IRS Issues Comprehensive Guidance on the Application of Sections 338 and 1060 to Insurance Companies

(Co-authored with Mark H. Kovey).

On March 8, 2002, the IRS issued a package of proposed regulations dealing with the myriad of issues relating to the application of sections 338 and 1060 to life and property and casualty insurance companies. The regulations, which were necessary after the IRS published final rules applying a deemed assumption reinsurance approach under section 338, are effective when final regulations are adopted. The proposed regulations’ package includes guidance under section 197 relating to the insurance contract intangible acquired in a section 338 or 1060 transaction as well the interplay of the assumption reinsurance principles with the corporate acquisition provisions. 
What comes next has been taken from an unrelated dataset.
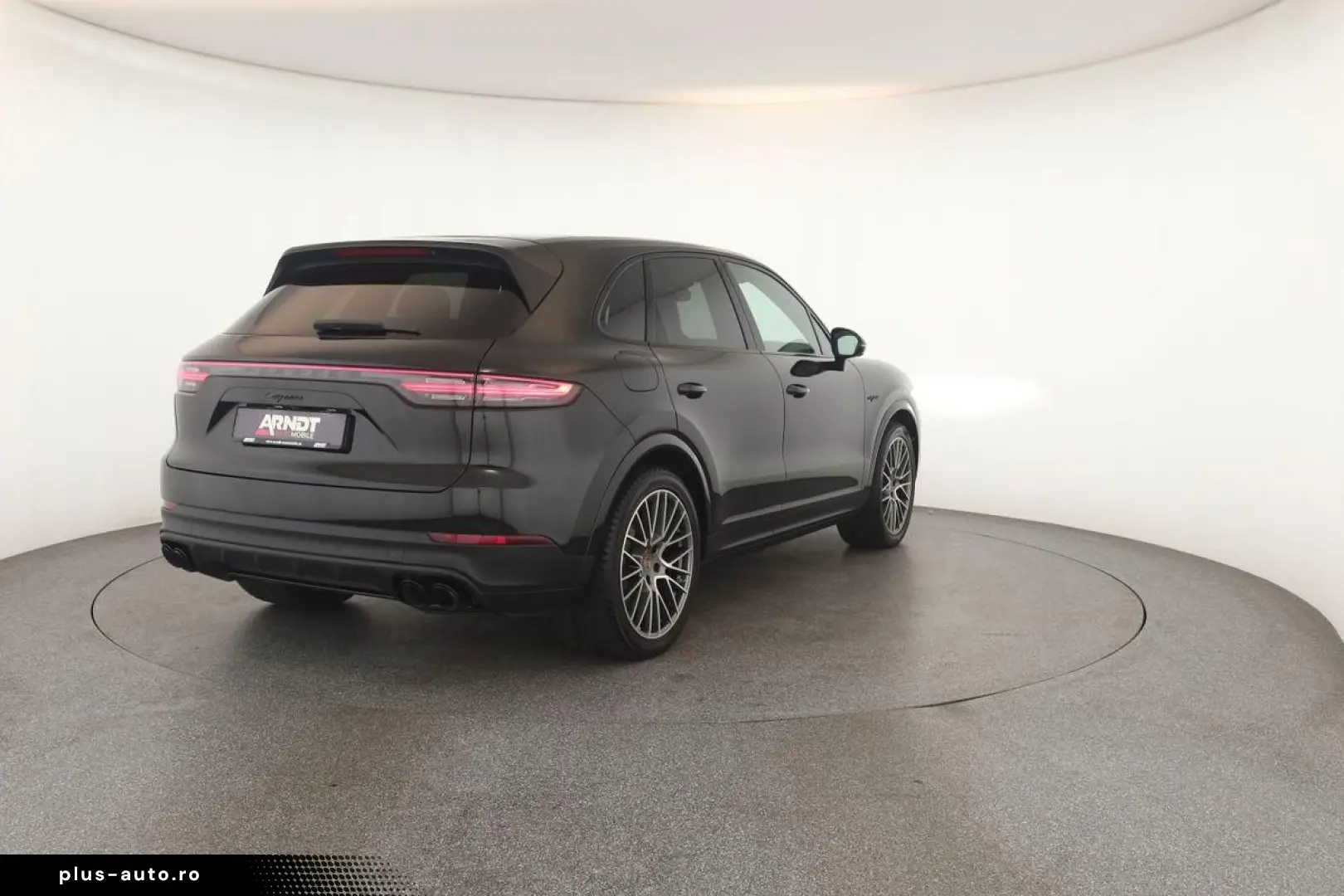 PORSCHE Cayenne E-Hybrid Platinum Edition ACC 360 21 AHK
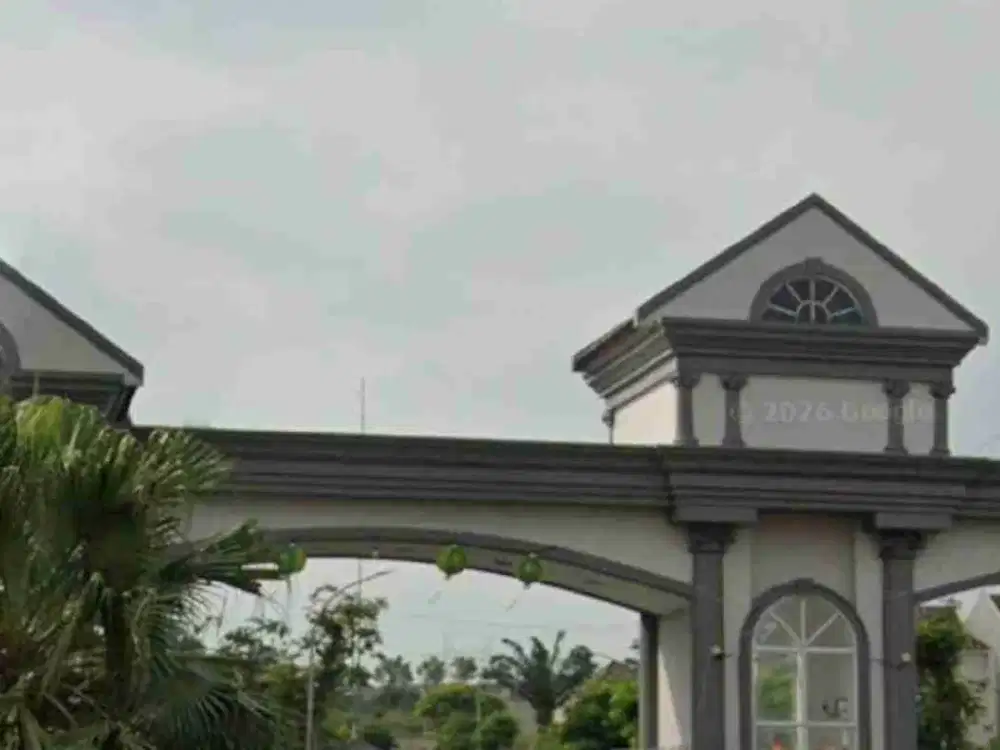 Rmh Bagus Fasilitas apartemen mewah !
Noteworthy in the new package is the addition of rules which specify the amount of assets which are treated as transferred in exchange for the assumption of insurance liabilities when a section 338 election is made. In addition, the proposed rules: (i) attempt to eliminate the possibility that the reinsurer (or the new Target in a section 338 election) will have immediate premium income in excess of its deduction for assumed insurance reserves, i.e., the “negative ceding commission” or “bargain purchase” situation, and (ii) provide guidance on the interplay between sections 848 and 197. These issues were specifically addressed in industry comments. Also addressed by the industry and the proposed regulations is the treatment of increases in acquired insurance reserves after either a section 338 or 1060 acquisition. Finally, in the context of section 338 elections, the proposed regulations provide needed guidance on the election’s effect on the special loss discount amount under section 847, the treatment of old Target’s net negative capitalization and other DAC amounts under section 848, and when old Target’s policyholders surplus account under section 815 is deemed distributed. As indicated below, the approach taken by the IRS is not the approach that was recommended by the insurance industry on some of the issues. The regulations are proposed to be effective to transactions occurring after the adoption of final regulations.